Mr. Walesa, now a former president of Poland, reminded me that millions of Poles had been filled with hope from the first day of John Paul’s papacy, when Karol Wojtyla was installed at the Vatican and gave his first address in St. Peter’s Square, saying three times: “Be not afraid,” echoing the words of Jesus. Poles knew then that they were not alone as they kept their faith alive while living under a system that officially banned religion.
As the lights came up after the screening of “The Giver,” my thoughts were on Poland and communism, but soon they turned to the broader subject of totalitarian regimes robbing individuals of their God-given rights. So often, one of the first jobs of the totalitarian is to declare that God is dead and that government is the final authority on truth and justice—we see it now in North Korea. Such was the case when I visited Poland in the 1980s. Everyone in Poland worked for the state. The dignity of human life and the uniqueness of the individual were irrelevant. There was only Sameness.

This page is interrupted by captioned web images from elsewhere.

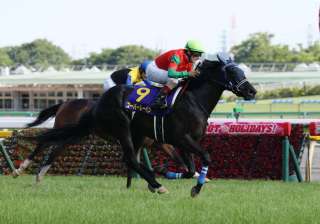 オークス馬を出すなど注目の「母の父ロージズインメイ」を分析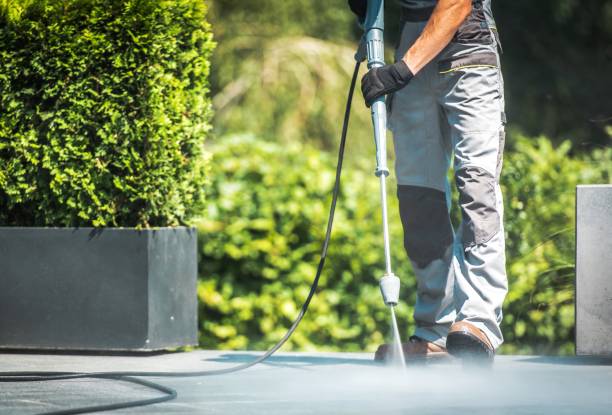 Best Driveway Pressure Washing  in La Huerta, NM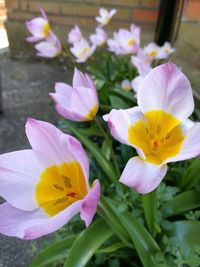 Close-up of crocus flowers blooming outdoors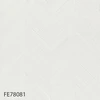 FE78081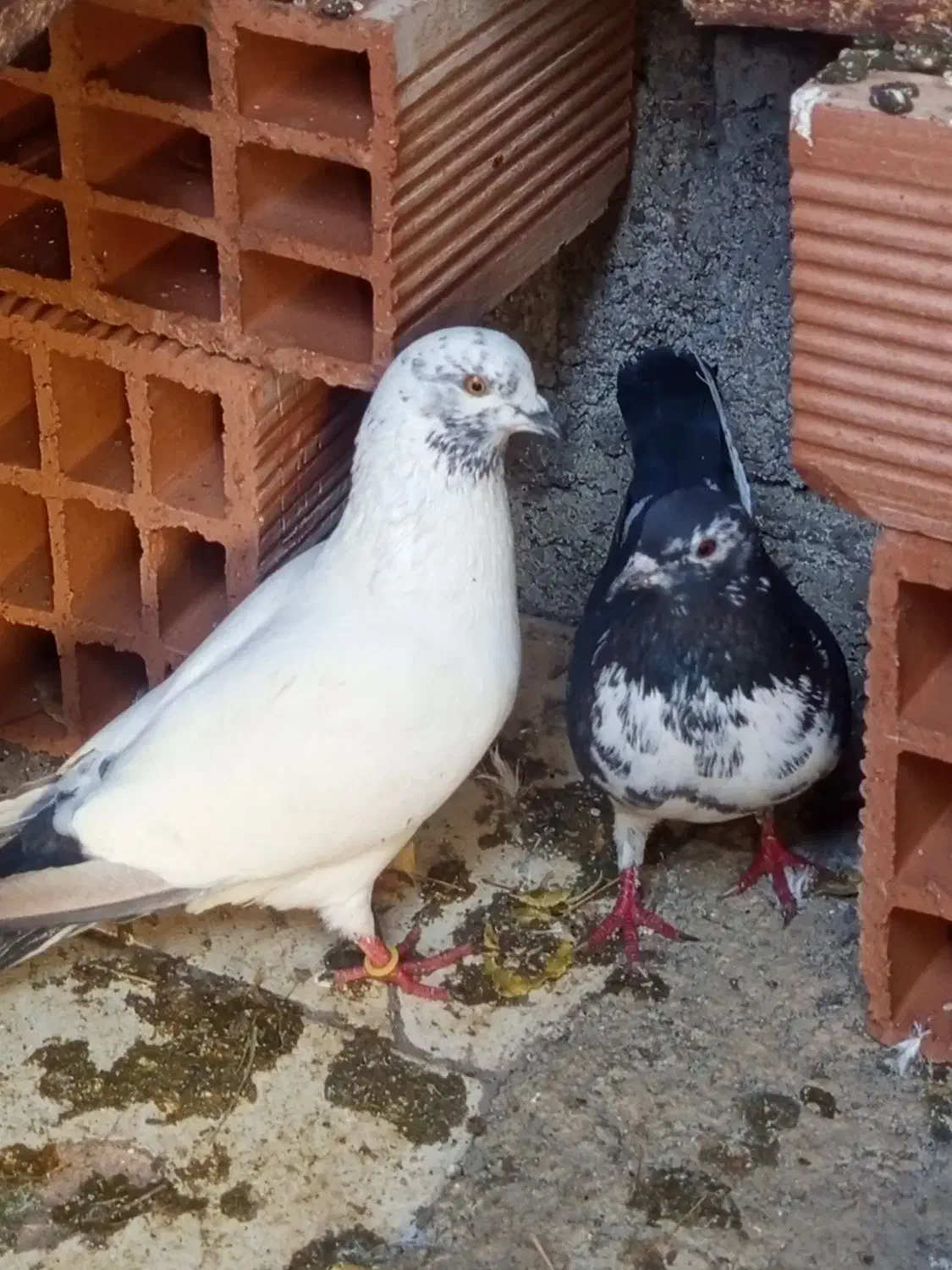 طوقی|پرنده|ویلکیج, |دیوار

In communist regimes, poverty is equally distributed—except for those in power. “The Giver” presents a clever twist on this totalitarian theme. In the fictional tale, every material need is met. We are in a world where all human misery has been eliminated. There is no rage, no war, no wealth and no poverty.
But at a cost. There is also no music, no art, no literature, no beauty. And no memory: Just to be safe, all memories are the possession of a lone individual. In this setting the human spirit is almost extinguished, and yet—well, you’ll have to see the movie. But I was reminded that the Poles, with their unconquerable religious faith, proved to be more powerful than a fearsome military power.
I saw the movie with John Sununu, the former New Hampshire governor and chief of staff for President George H.W. Bush. John too had been prompted to think of communist totalitarianism and the resilience of faith.
He recalled visiting Russia during the Cold War with a former high-ranking Soviet official, who suggested taking a short non-state-sponsored trip. They got into a car and soon the driver pulled up to an old, neglected-looking Russian Orthodox church. John’s host led him to the side door, took out a key and unlocked it. They went inside, and John was amazed to see that the church’s interior had retained its beauty and elegance.
The exterior had been allowed to fall into decline on purpose, his host explained, to avoid arousing government suspicion: Even though the state did not approve, he said, many of the congregants had never stopped quietly meeting there, to hold services and to pray.
Mr. Flynn is a former U.S. ambassador to the Vatican, mayor of Boston and the author of “John Paul II: A Personal Portrait of the Pope and the Man” (St. Martin’s , 2001).